Teething necklaces popular in SA have been deemed a 'potentially deadly threat to children' in the US after a baby died
- Following the death of an 18-month-old who was strangled by his amber teething necklace, the US Food and Drug Administration (FDA) is warning parents about the dangers of jewellery marketed for teething.
- "The safety and effectiveness of teething jewellery to treat teething pain and/or provide sensory stimulation have not been established," the FDA said in a press release.
- Amber and other teething necklaces are available from major retailers in South Africa.
Following the death of an 18-month-old who was strangled by his amber teething necklace, the American Food and Drug Administration (FDA) is warning parents about the dangers of jewellery marketed for teething, People reported.
"We're concerned about the risks we've observed with these products and want parents to be aware that teething jewelry puts children, including those with special needs, at risk of serious injury and death," FDA Commissioner Scott Gottlieb said in a statement.
See also: Johnson & Johnson tumbles after report says it knew for decades that its baby powder contained asbestosAmber teething necklaces appear to be something of a fad in South African and are available from major online retailers, while silicon teething jewellery and bead necklaces are also widely sold.
Teething jewellery made from amber, wood, marble, or silicone is dangerous for babies
According to the FDA, any jewellery made from amber, wood, marble, or silicone that an adult can wear should not be given to a teething child, even if it is marketed to help with teething pain. Necklaces and bracelets made from these materials, and especially those that have beads, can strangle or choke a child who uses them and potentially be fatal.

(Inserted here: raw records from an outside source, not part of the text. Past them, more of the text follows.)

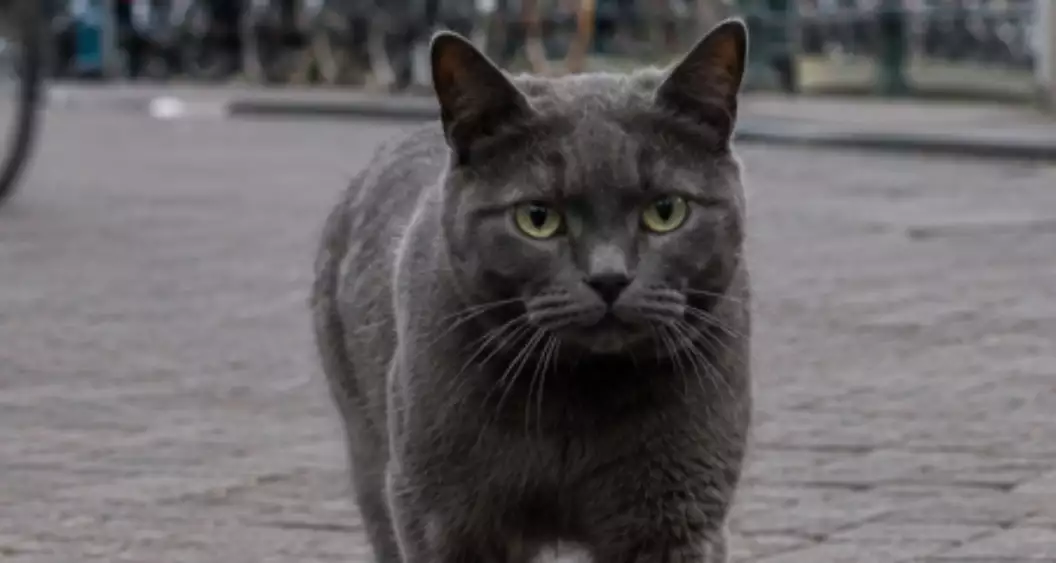 Kat op straat
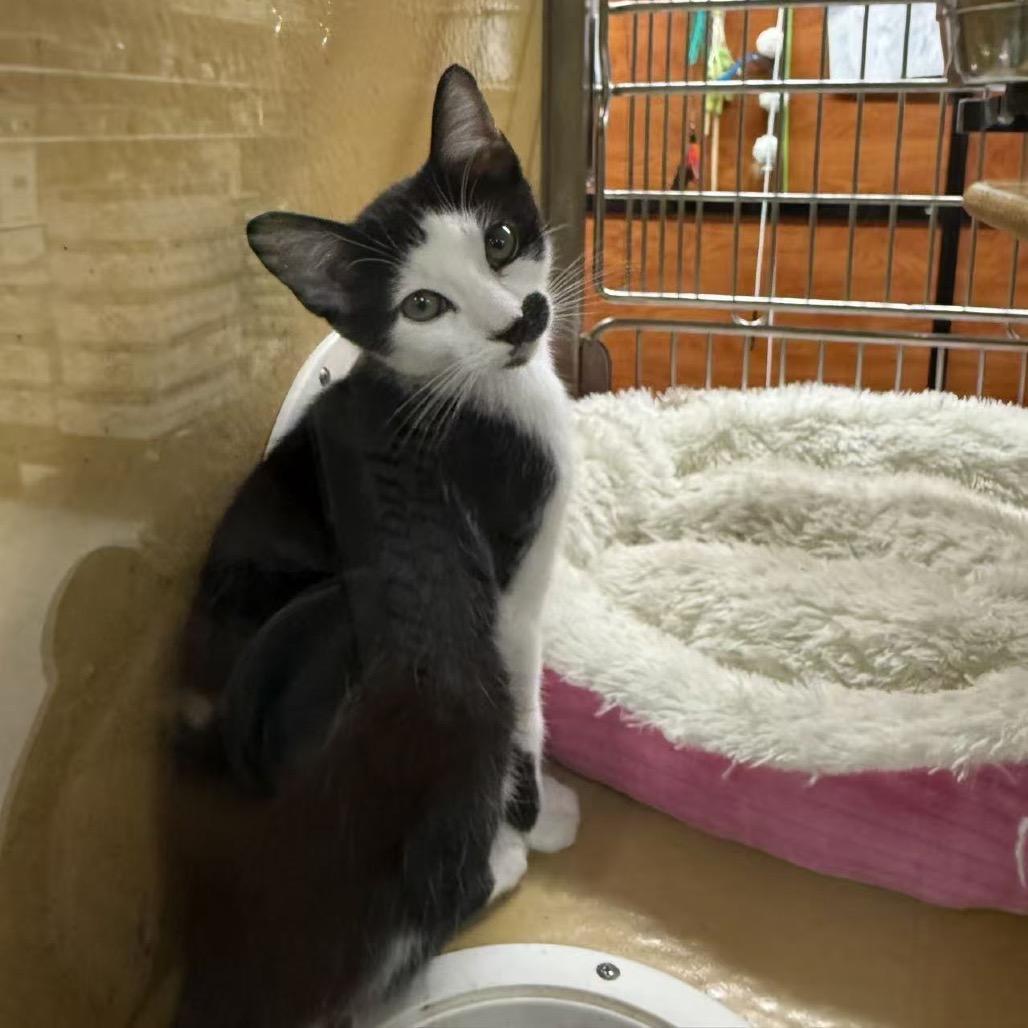 Duke, a Adoptable Domestic Short Hair in Escondido, CA image 6/6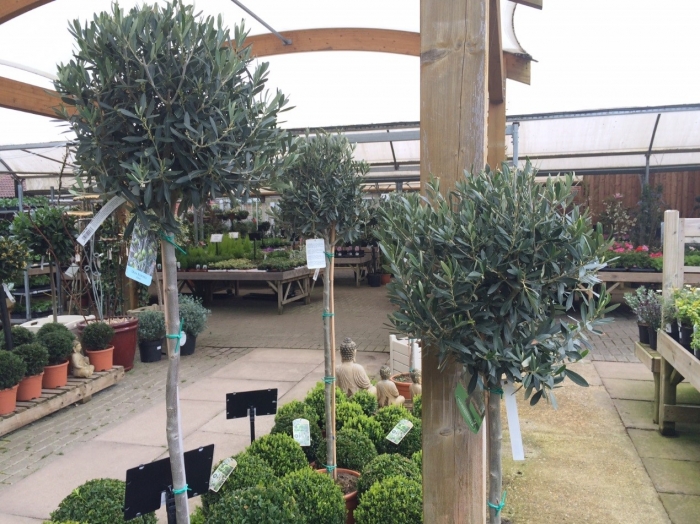 Ashtead Park Garden Centre Surrey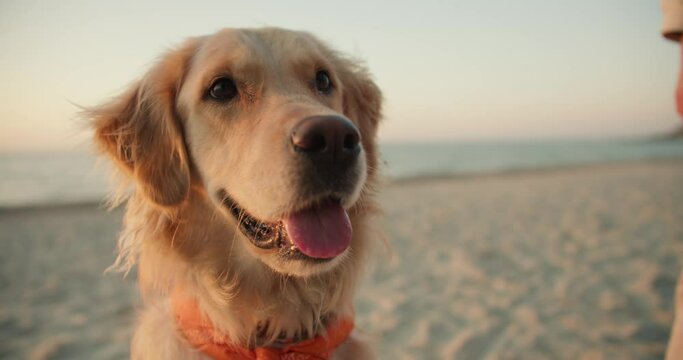 Close-up portrait of a light dog on the beach. Cute big dog looking at the camera with open mouth and tongue hanging out on the beach in the morning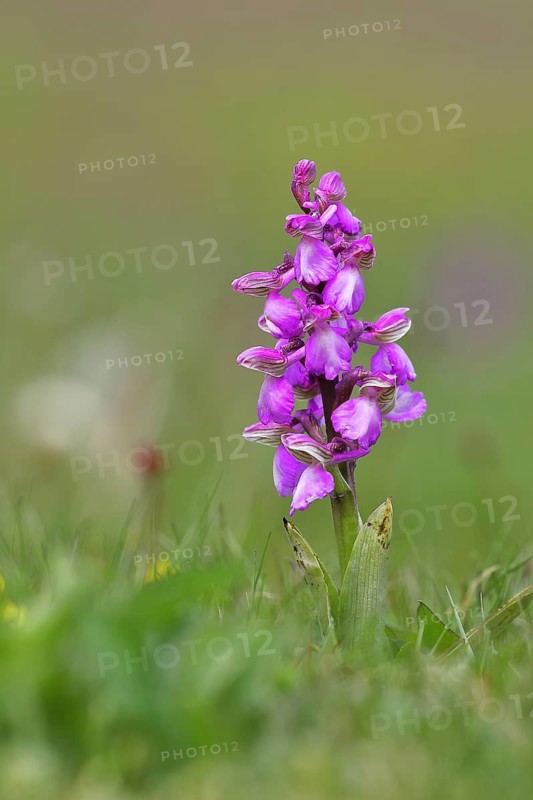 Green-winged orchid (Anacamptis morio), single flower in a meadow, close-up, Hesse, Germany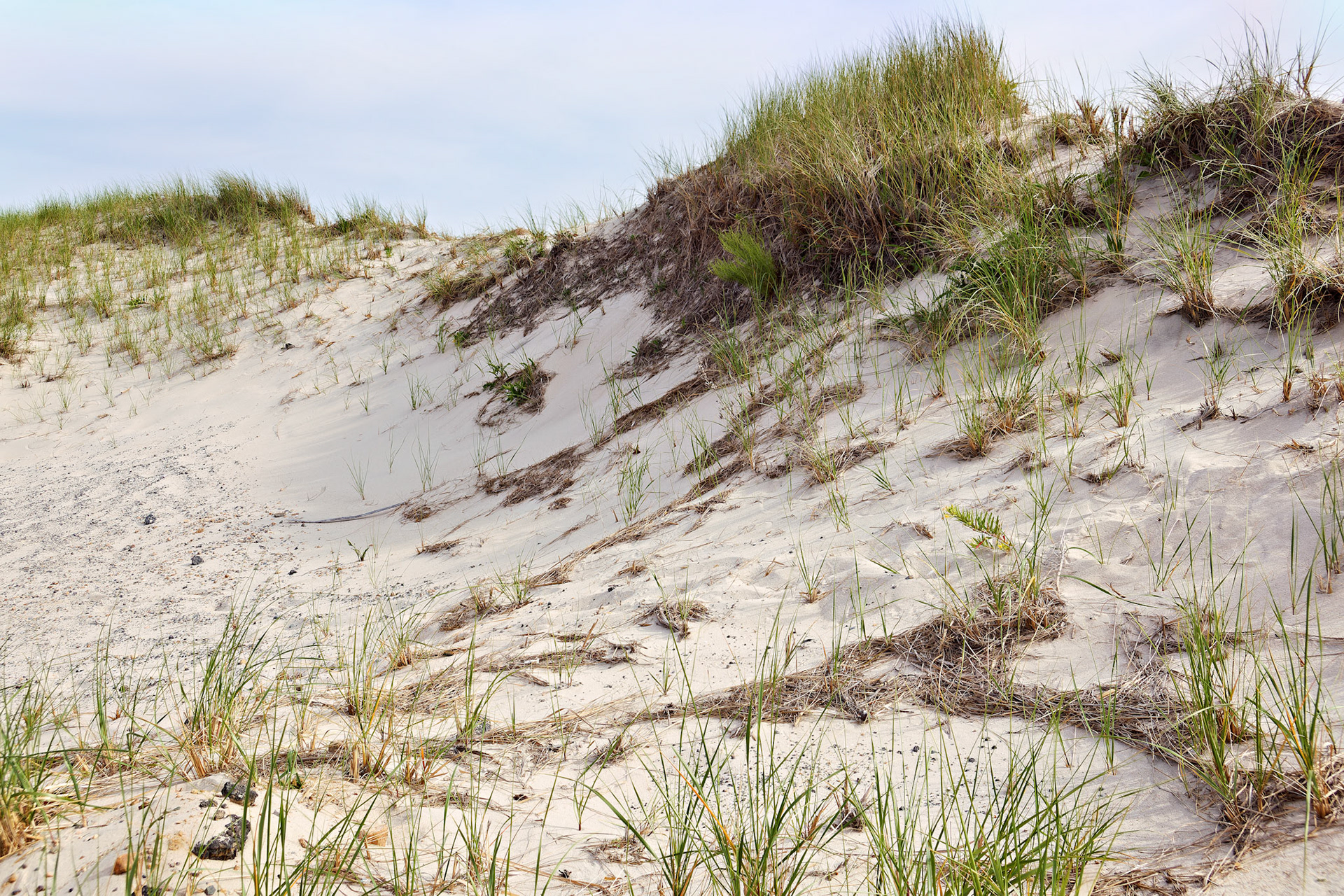 MA_CapeCod_20150717_0223_PS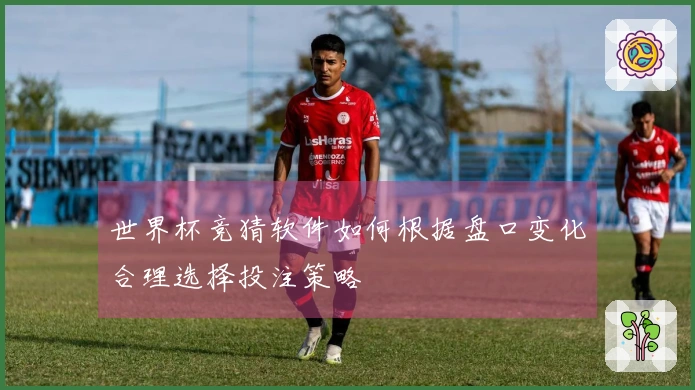世界杯竞猜软件如何根据盘口变化合理选择投注策略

There are safe and approved alternatives to teething jewellery parents can use instead
Rather than use potentially life-threatening objects for teething, the FDA and American Academy of Pediatrics (AAP) both recommend parents give babies firm rubber teething rings to help with pain. Parents and caregivers can also gently massage a baby's gums with a clean finger to help soothe them, according to the AAP.
In addition to teething jewellery, the AAP also warns against the use of frozen rubber teethers which can become too hard and "cause more harm than good," according to the AAP website. Special tablets sold to relieve gum pain like may also contain dangerous a plant poison called belladonna and gels with benzocaine are dangerous too.